> [ABOUT THIS TASK]
Take the lines below from the one with "Cool beautiful fashionable" through the one with "Close-up of a" and print only them, exactly. Don't print the pictures.

> [DATASET CONTENT]
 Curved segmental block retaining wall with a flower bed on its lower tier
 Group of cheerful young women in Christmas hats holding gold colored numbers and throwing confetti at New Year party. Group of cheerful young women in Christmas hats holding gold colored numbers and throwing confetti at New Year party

--

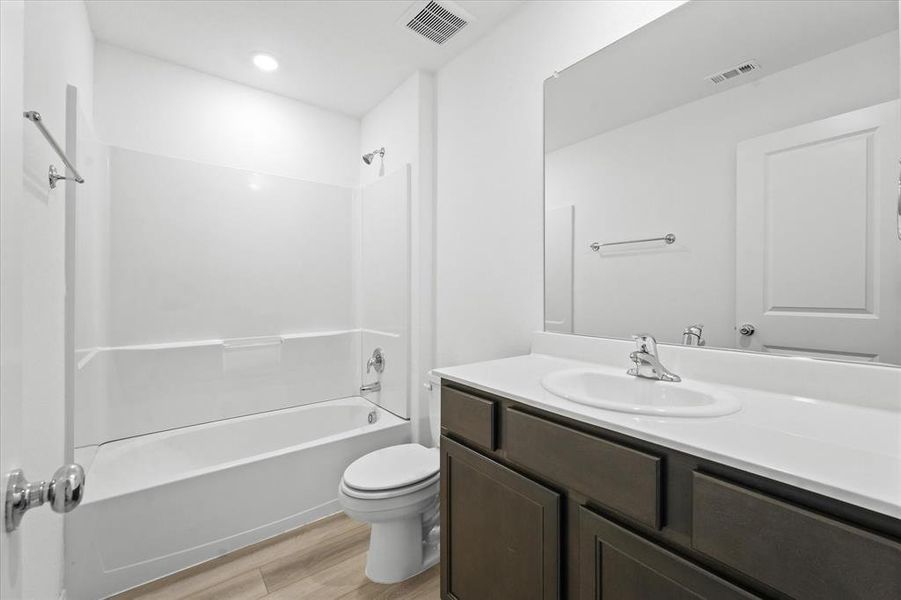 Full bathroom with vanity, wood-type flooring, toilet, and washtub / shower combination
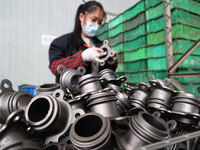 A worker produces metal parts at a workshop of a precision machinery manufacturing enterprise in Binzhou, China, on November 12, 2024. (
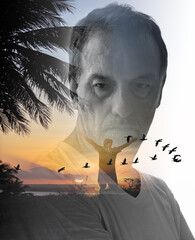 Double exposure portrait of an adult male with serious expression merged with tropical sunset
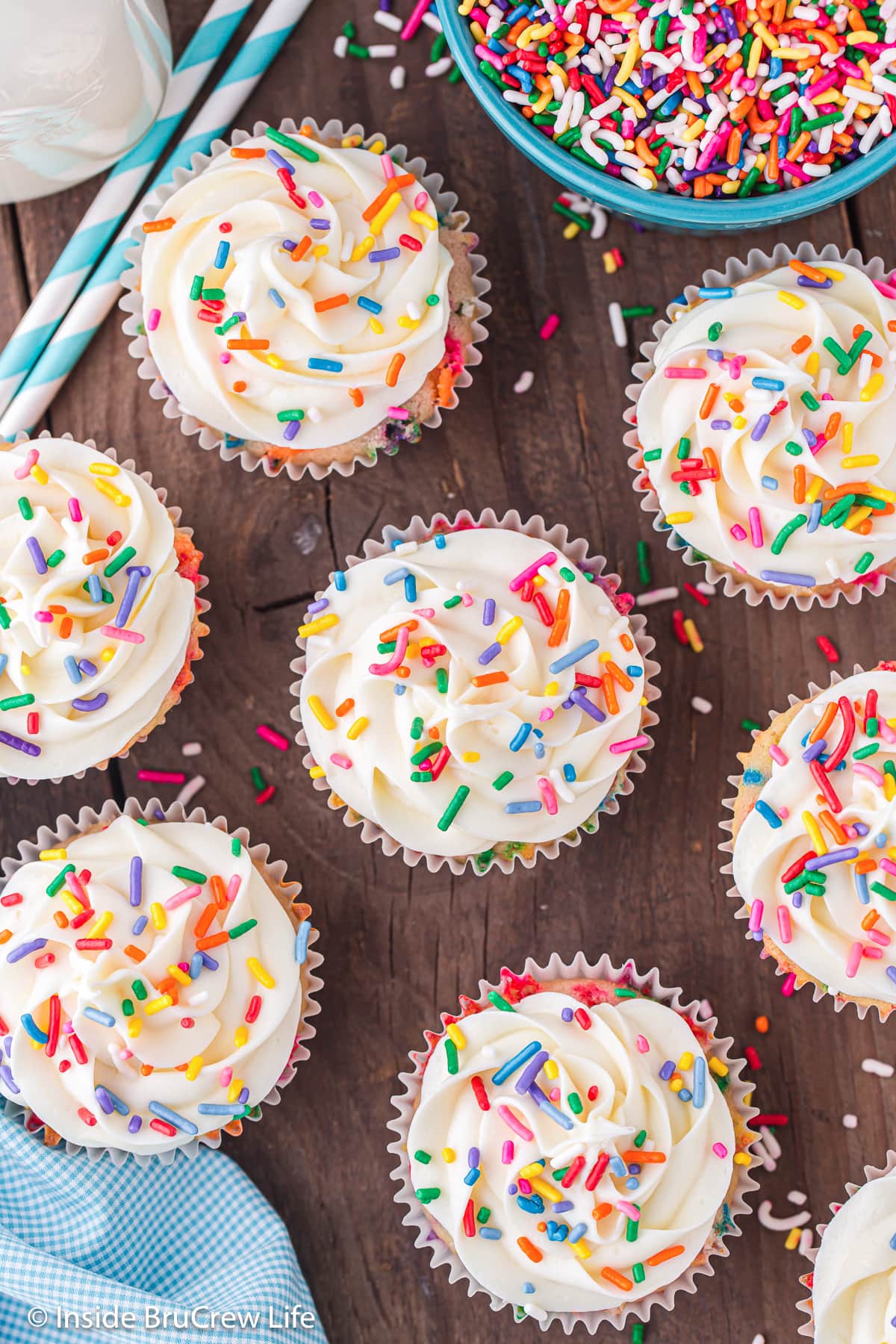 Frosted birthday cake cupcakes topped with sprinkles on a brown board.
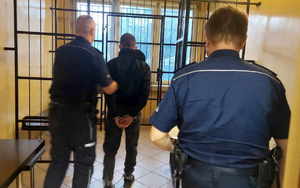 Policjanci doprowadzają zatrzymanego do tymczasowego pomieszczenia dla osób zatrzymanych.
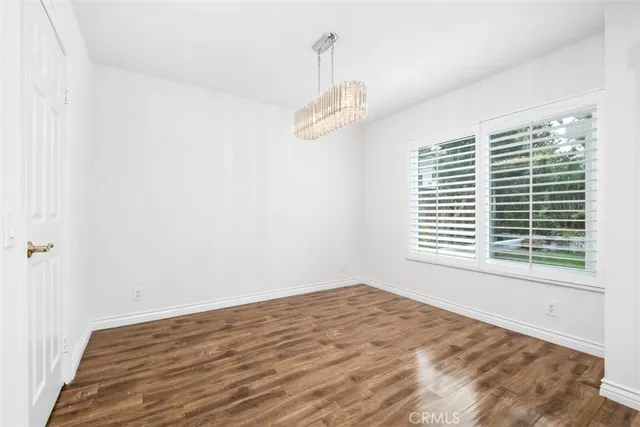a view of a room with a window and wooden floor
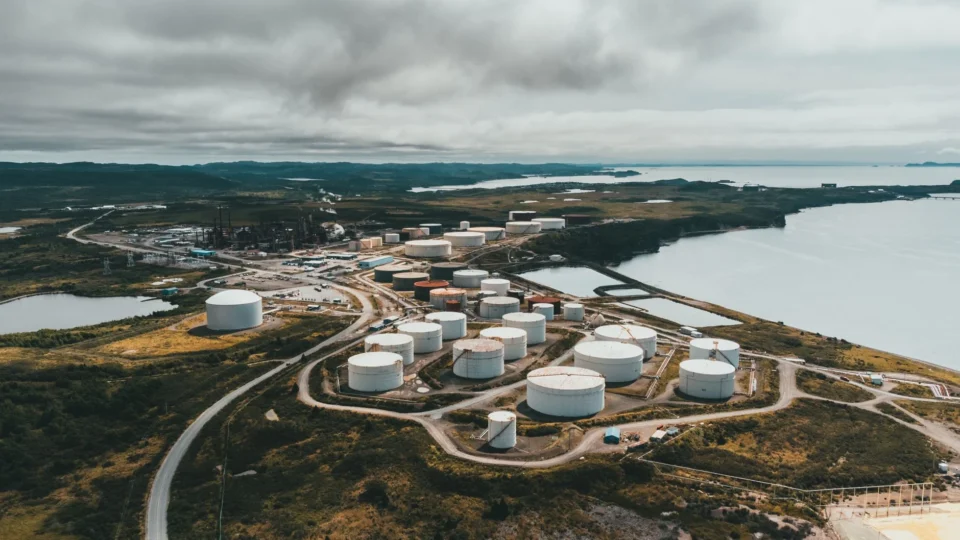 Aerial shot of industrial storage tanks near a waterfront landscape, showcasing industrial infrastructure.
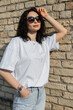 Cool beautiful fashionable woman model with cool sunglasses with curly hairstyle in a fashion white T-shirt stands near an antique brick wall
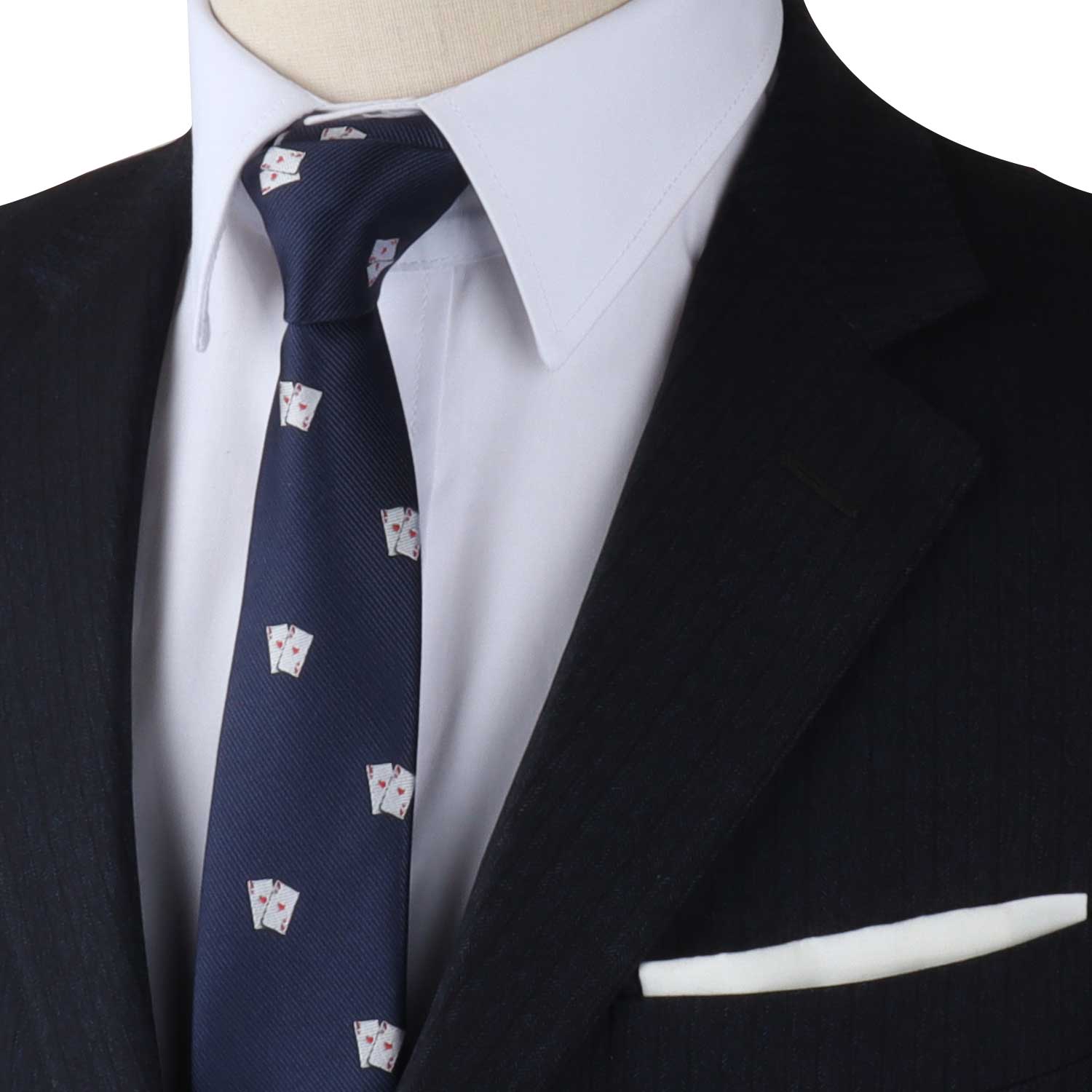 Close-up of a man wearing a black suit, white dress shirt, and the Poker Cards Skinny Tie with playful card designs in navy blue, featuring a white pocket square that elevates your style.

> [REPLY TO THE EXERCISE]
 Cool beautiful fashionable woman model with cool sunglasses with curly hairstyle in a fashion white T-shirt stands near an antique brick wall
 Close-up of a man wearing a black suit, white dress shirt, and the Poker Cards Skinny Tie with playful card designs in navy blue, featuring a white pocket square that elevates your style.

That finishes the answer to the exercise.